And FWIW I had the same reaction as the author when I started toying around with neural nets- it's shocking how small the hidden layer can be and still do useful stuff. It seems like magic, and sometimes you have to run through it step-by-step to understand it.

karpathy · on April 30, 2016

Sorry about that! There's a lot to cover for one blog post to do satisfyingly. I encourage you to check CS231n for a more thorough treatment where we also discuss, for example, the tradeoffs of different activation functions like tanh(), have a more gentle introduction on gradient descent, I devote a whole lecture to char rnn, assignment #1 (they are available) would demystify the backward pass, etc.

Also definitely +1 for not putting down people who write similar posts. I encourage everyone who is trying to learn to do it through blog posts because it lets you explain/organize thoughts. I also enjoy reading them quite a bit because it illustrates the kinds of conceptual problems beginners face (which is not at all obvious once you've been in the area for a few years). And it's also interesting to see many different interpretations of the same concepts, as everyone has different background and the way they reason through things is usually quite unique. Granted, this one could have been named something more appropriate!

kaffeinecoma · on April 30, 2016

No need to apologize- I learned SO much from your blog, thank you. I didn't realize the course was online (https://www.youtube.com/watch?v=NfnWJUyUJYU).
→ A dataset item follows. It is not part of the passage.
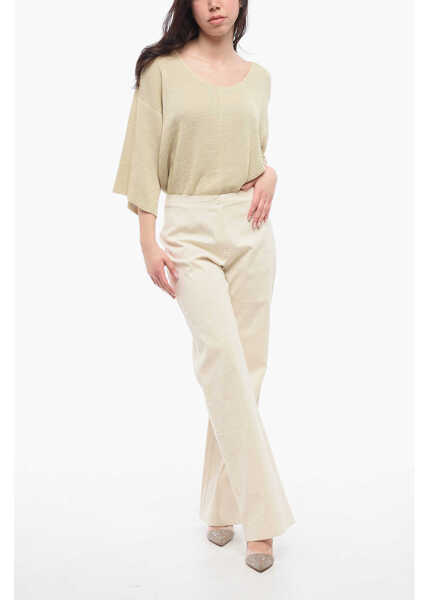 Pantaloni casual OUR LEGACY High-Waisted Lightweight Cotton Biker Pants Beige Femei (BM 17331970) 4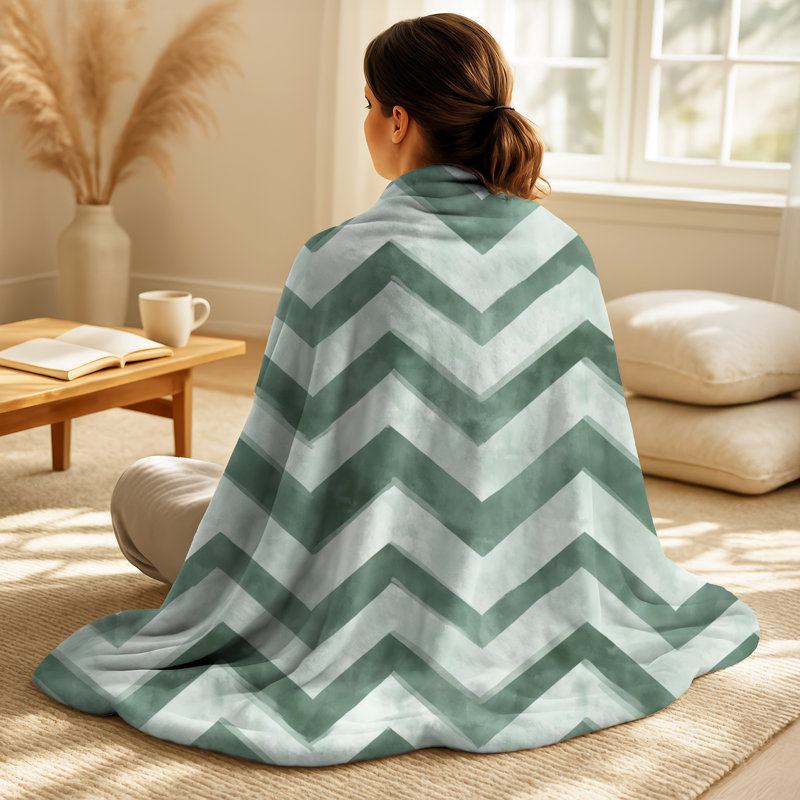 Chevron vert et blanc - couverture polaire contemporaine, jeté chaud moderne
Also, looks like there's a subreddit for it as well: https://www.reddit.com/r/cs231n

It's really wonderful that all of this is freely available, thank you.

jdminhbg · on April 30, 2016

The lecture that covers gradient descent in the Youtube list you linked there is the first time gradient descent actually clicked for me, and I made it through the entire Andrew Ng Coursera ML course. Highly highly recommend it.

andycjw · on May 5, 2016

the video became private, anyone know the title of the video or is there another copy of it somewhere else?

stavros · on April 30, 2016

> People are knocking this guy for not being an expert and maybe getting some details wrong.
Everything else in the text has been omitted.